The problem is not averaging per se, but rather in assuming that averaging does
things that averaging cannot do. In particular, averaging does NOT project out
the signal he wanted.
Averaging does not increase the accuracy of a
measurement.
No. But in many common cases where one can make multiple STATISTICALLY
INDEPENDENT measurements of a SINGLE quantity, then the average of those
measurements gives a better estimate of the quantity's true value than does any
individual measurement. Moreover, the variance of the measurements gives
information about how accurately that average is determined. This is the
underlying basis for error analysis.
I was just wondering how that applies to something like
the satellite measurement of sea level.
http://sealevel.jpl.nasa.gov/technology/technology.html
The two parts of the measurement are to measure the height of the
satellite above the earth's surface (accurate to 2-3 centimeters) and
the measurement of the distance from the satellite to the surface of
the sea directly below it (accurate to 3-4 centimeters). By
subtraction they claim to have a measurement that is accurate to
within 4-5 centimeters.
Those appear to me to be statistically independent measurements, because they
are based on completely different technologies. I'll assume that, and also that
the quoted accuracies are the sigmas of the underlying distributions of the
individual measurements (probably a good assumption, as this is standard practice).
[I'm ignoring the obvious problem of resolving individual
waves; I assume they handled it in a reasonable manner..]
Given two measurements: a +- sigma_a, and b +- sigma_b, with statistically
independent normally distributed errors, their difference is:
(a-b) +- sqrt(sigma_a^2+sigma_b^2)
which is consistent with the statements on that website. In short, when the
conditions are satisfied, the errorbars add in quadrature. As those guys
presumably are competent, they surely know this and also know that the
conditions are satisfied.
One can understand this, remembering that the statistical
model is that a and b are individually sampled from random
values normally distributed around their true values. For
the measurement in which a happens to be at the top of its
range, b is not likely to also be at the top of its range..
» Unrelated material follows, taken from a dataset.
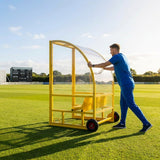 Sports team shelter with aluminium frame and multiple colour options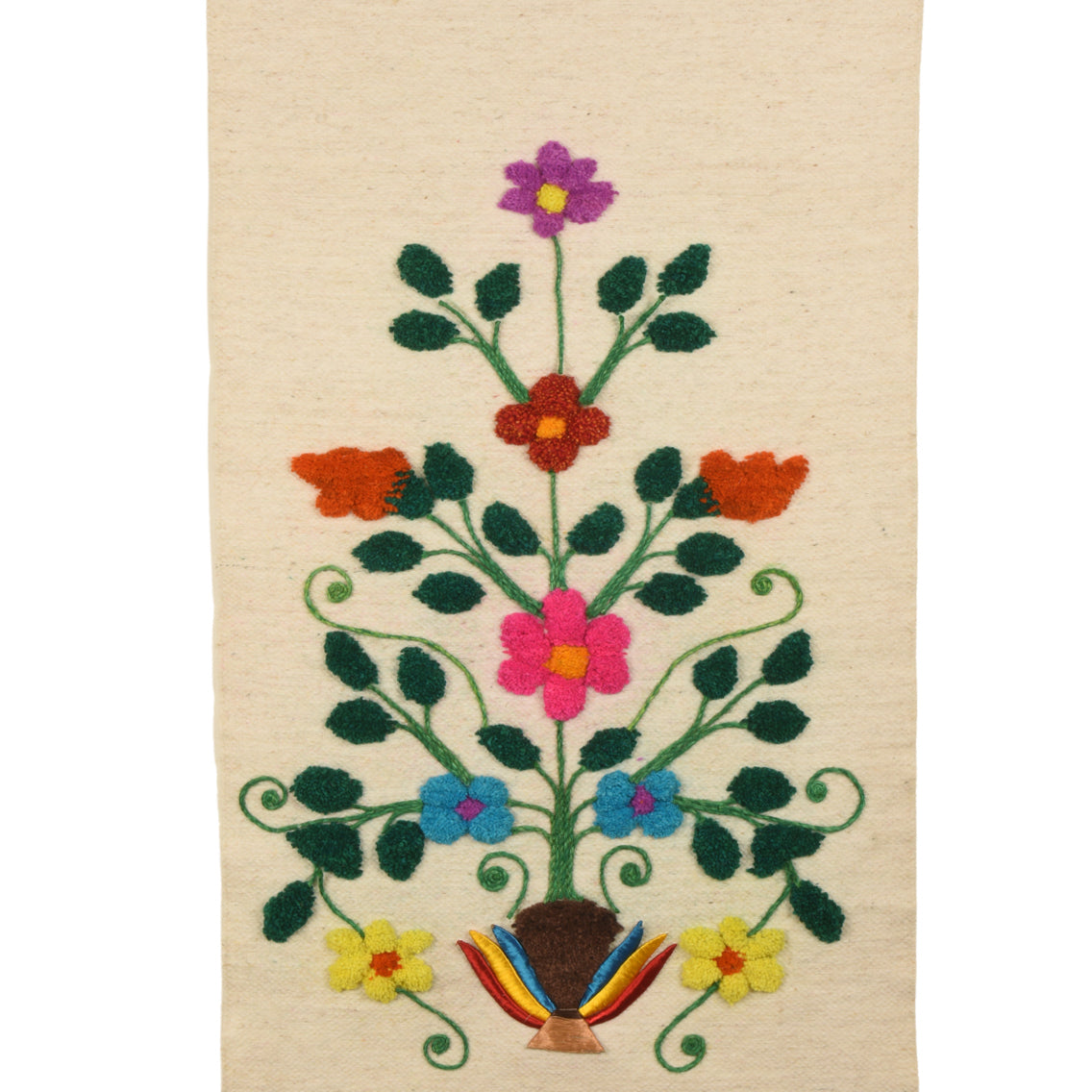 Handcrafted Floral Tree of Life Wall Hanging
Work it out for all combinations, and one gets the above
formula. Note that for this to be valid a and b MUST be
normally distributed, and they MUST be statistically
independent.
BTW the sigma of (a+b) is the same as that of (a-b).
Here's how errorbars work for the mean of multiple measurements:
Given a set of N measurements {m_i} of a SINGLE quantity, with the measurements
being STATISTICALLY INDEPENDENT, one can compute their mean and sigma:
mean = (1/N) sum_i{ m_i }
sigma = sqrt( (1/N) sum_i{ (m_i - mean)^2 } )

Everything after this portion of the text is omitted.